Note: We used barcodes in our original design but actually never used them as identifiers for variants.

Input files:

Barcode designs:

  • barcodes16-1.txt from John A. Hawkins et al. PNAS 2018 https://www.pnas.org/content/115/27/E6217 (not used for analysis) or if barcodes already chosen:

  • c1barcodes16-1_app_BsrBI.txt these are a selected group of barcodes compatible with our cloning strategy.

Designed Variants:

  • chip1_GAS_nredundant.csv the ML designed variants

  • backfill_random_doubles.csv random doubles to backfill the chip if there is room

  • singles.csv set of all single mutations to the WT

Primer files:

  • skpp15-forward.fasta forward primers

  • skpp15-reverse.fasta reverse primers

Output files:

  • chip_df.csv contains the library sequences

  • [Optional] c1barcodes16-1_app_BsrBI.txt as selected barcodes

Step 2

Tests the dataframe produced by Step 1 to ensure that the library has the intended composition, while additionally testing that the correct RE sites are in each sequence.

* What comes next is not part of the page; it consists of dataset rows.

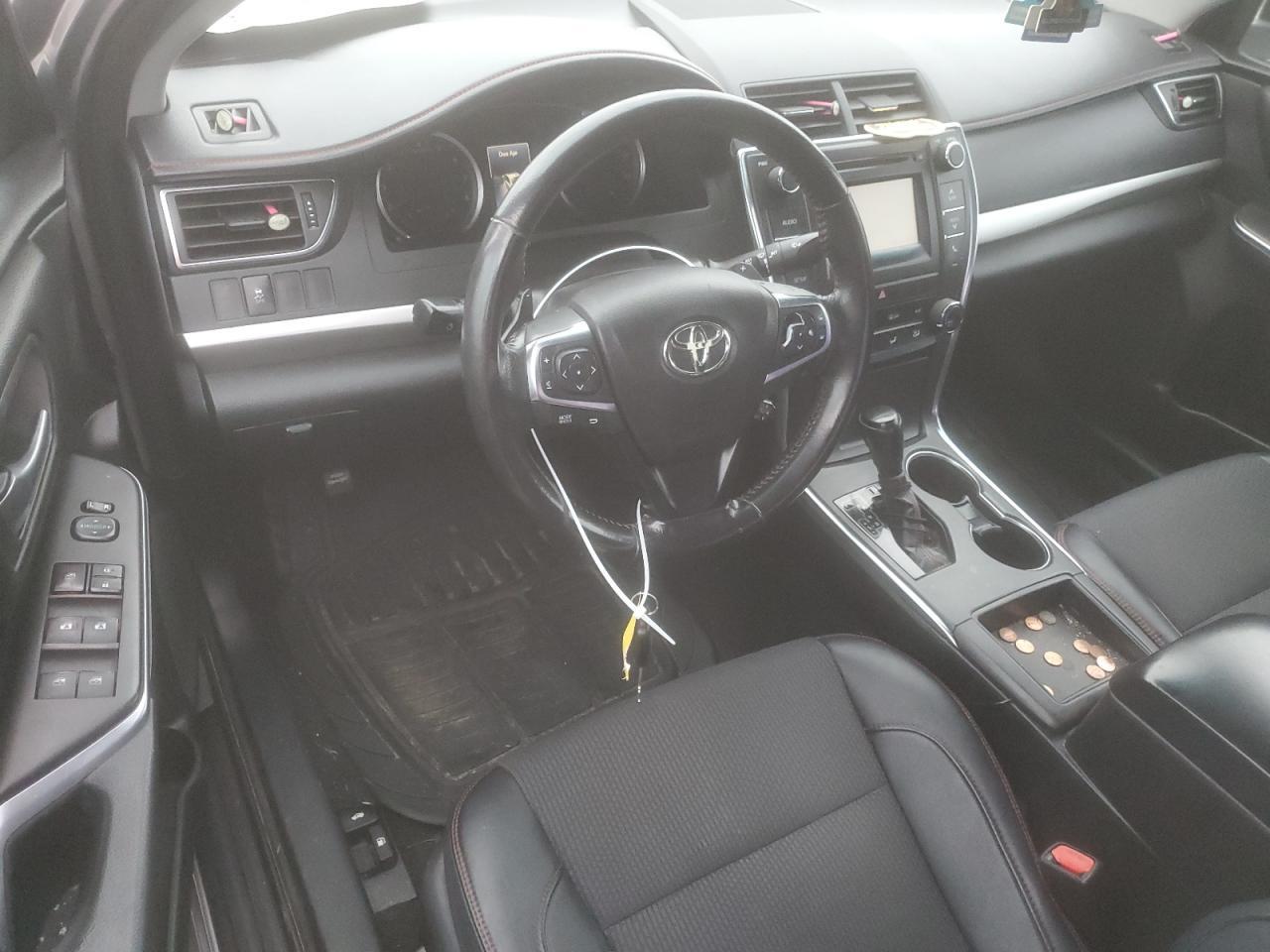 2016 TOYOTA CAMRY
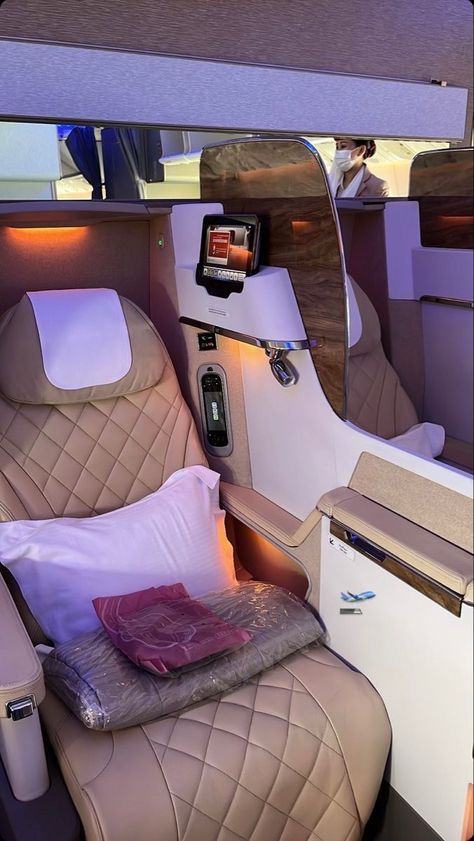 Plane Private, Emirates Airlines, Billionaire Lifestyle Luxury Living, First Class Flights, Estilo Kylie Jenner, Airport Aesthetic, Emirates Airline, Personal Business, Super Rich Kids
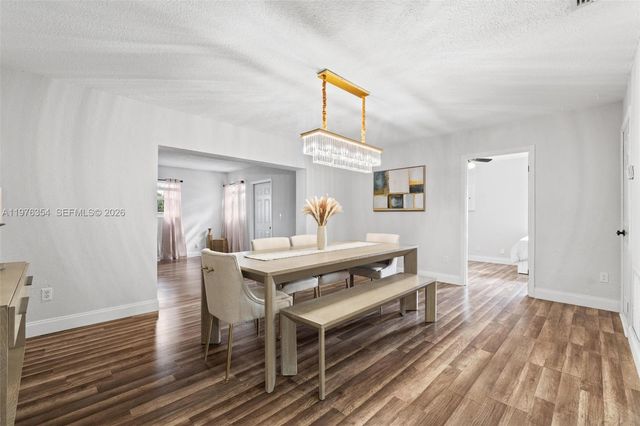 141 Eider Ct, Royal Palm Beach, FL 33411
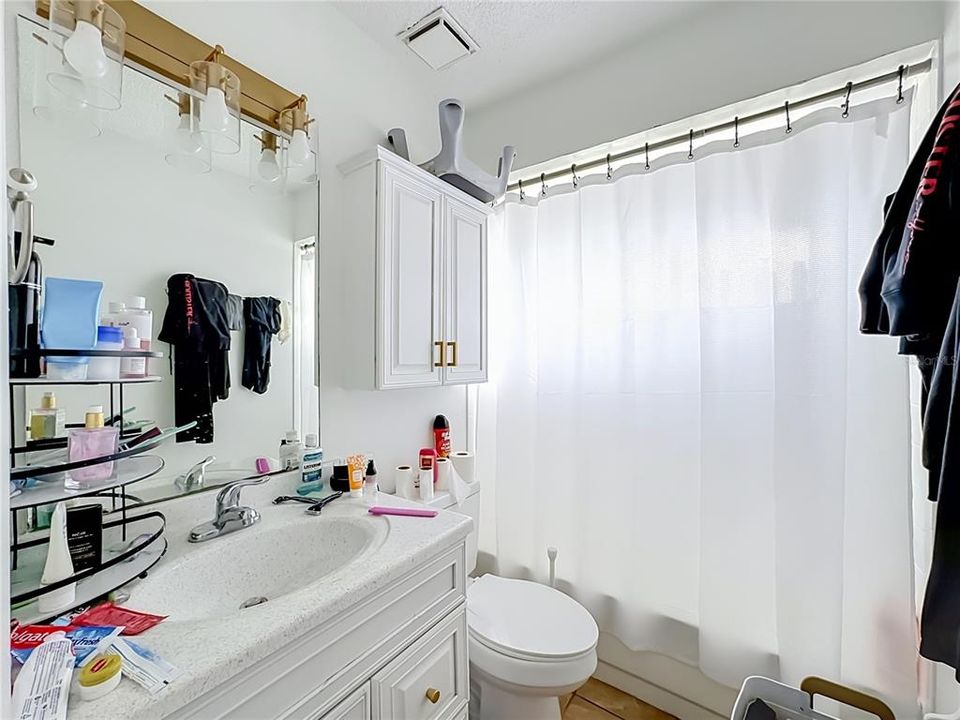 For Sale: $750,000 (7 beds, 0 baths, 3276 Square Feet)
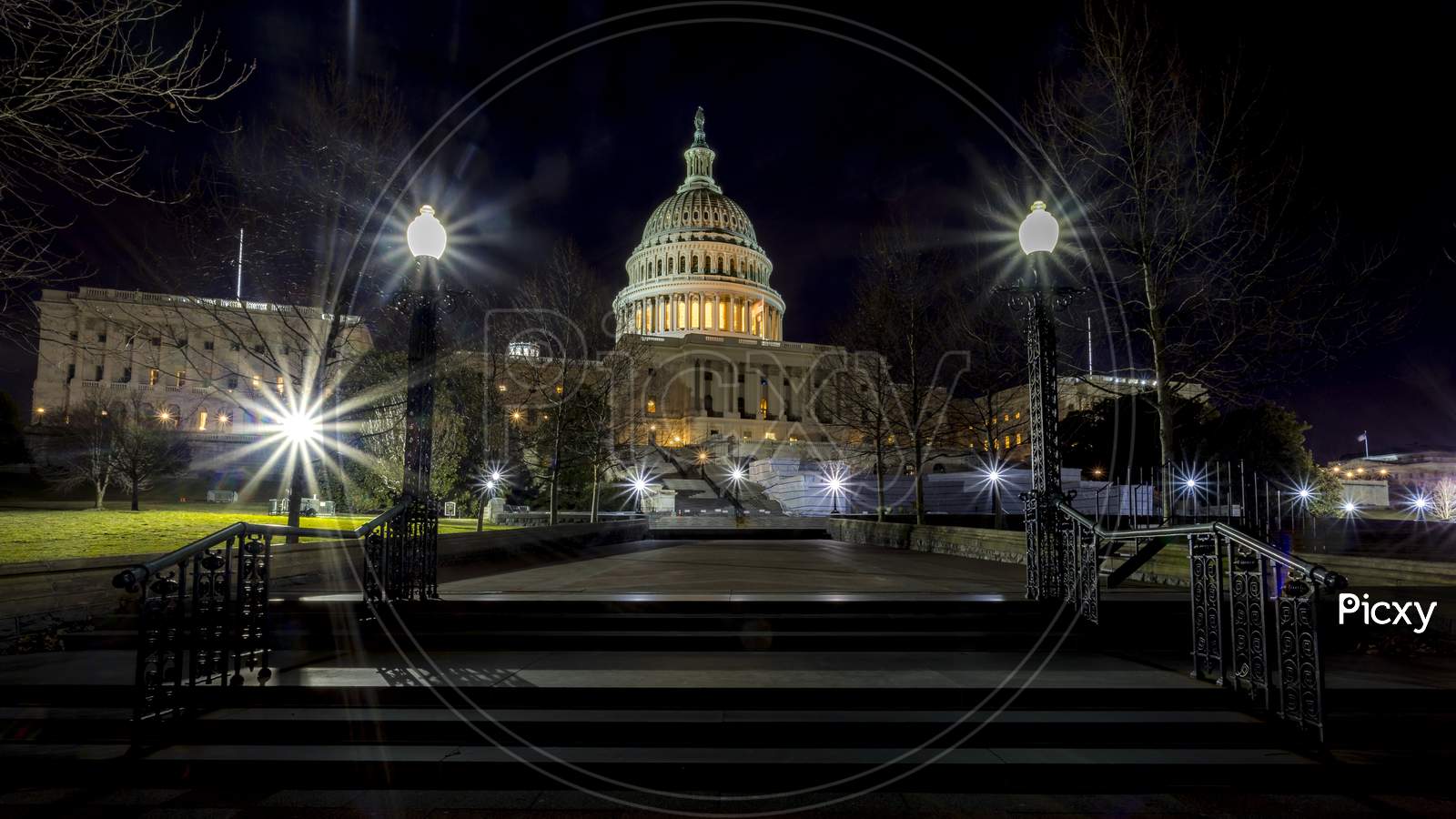 The capitol in Washington D.C., United States of America at a cold night in spring.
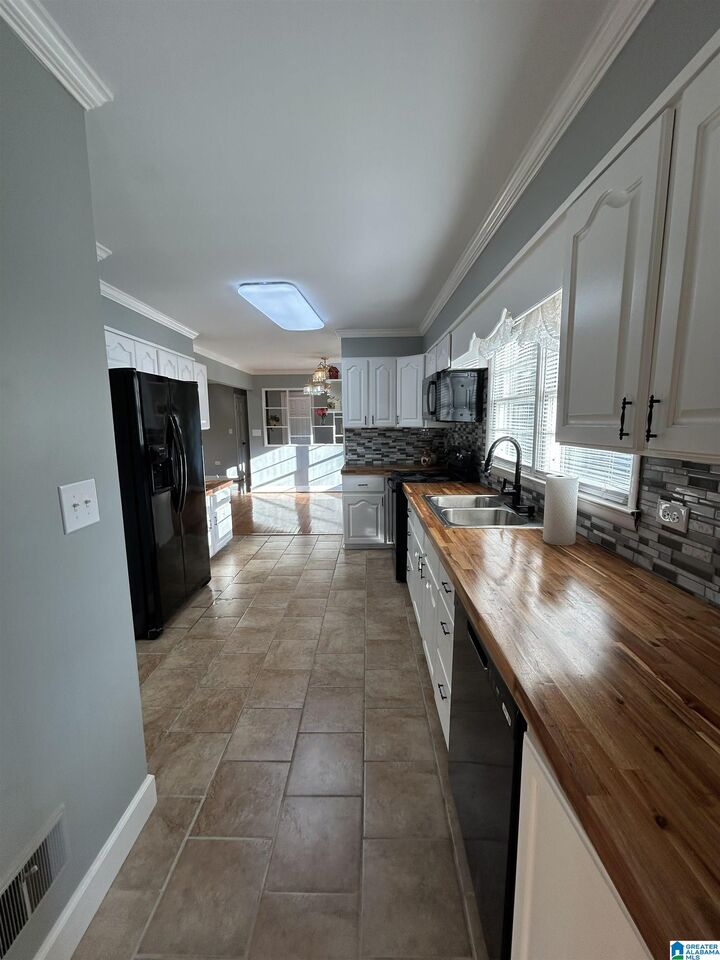 Property Photo:  1541 Woodie Street  AL 35214 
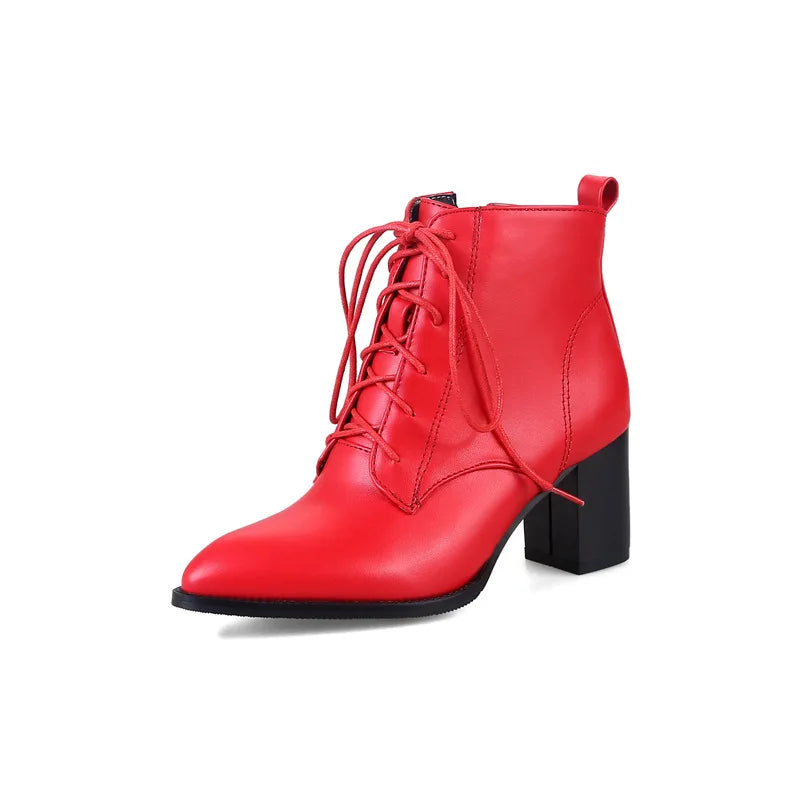 Bota Feminina Cano Curto de Couro PU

This step produces the files that are sent to Agilent for synthesis.

Input files:

  • chip_df.csv contains the library sequences

Output files:

  • chip_for_agilent.txt this is what is sent to Agilent

Step 3

Simulates the cloning process in silico, to ensure that the library can be successfully produced with the set of primers, plasmid backbone, and other molecular parameters.

Input files:

Primer files

  • skpp15-forward.fasta forward primer

  • skpp15-reverse.fasta reverse primer

  • chip_df.csv contains the library sequences

Parsing Pipeline

Takes the fastq nucleotide sequences from experimental sequencing runs and maps them back to original AA sequences and computes selection scores (We performed two sequencing runs, hence step 1 and 2 should be run on both sets before combining them on step 3)

Requirements

PEAR
Pandas
Biopython

Description

Step 1

Merge fastq files using PEAR.

Input files:

  • fastq files in experimental run folder contains all the fastq files
  • manifest file for samples contains the mapping between file names and the relevant samples

Output files:

  • merged files in Parsed_data/merged merged fastq files

Step 2

Count the number of variants across sequencing files.

Input files:

  • merged files in Parsed_data/merged merged fastq files
  • designed_variants.csv set of designed AAs and corresponding coding nucleotides

Output files:

  • files in Parsed_data/library merged fastq files
  • raw_counts_raw_counts_NextSeq_run<run_num>.csv raw counts

Step 3

Compute selection scores based on the count files.

Input files:

  • raw_counts_raw_counts_NextSeq_run1.csv raw counts from run1 sequencing
  • raw_counts_raw_counts_NextSeq_run2.csv raw counts from run2 sequencing (3x)
  • chip_df.csv [this is the output of the synthesis pipeline] set of designed AAs and corresponding coding nucleotides

Output files:

  • library_w_selection_scores.csv computed selection scores for the libraries together.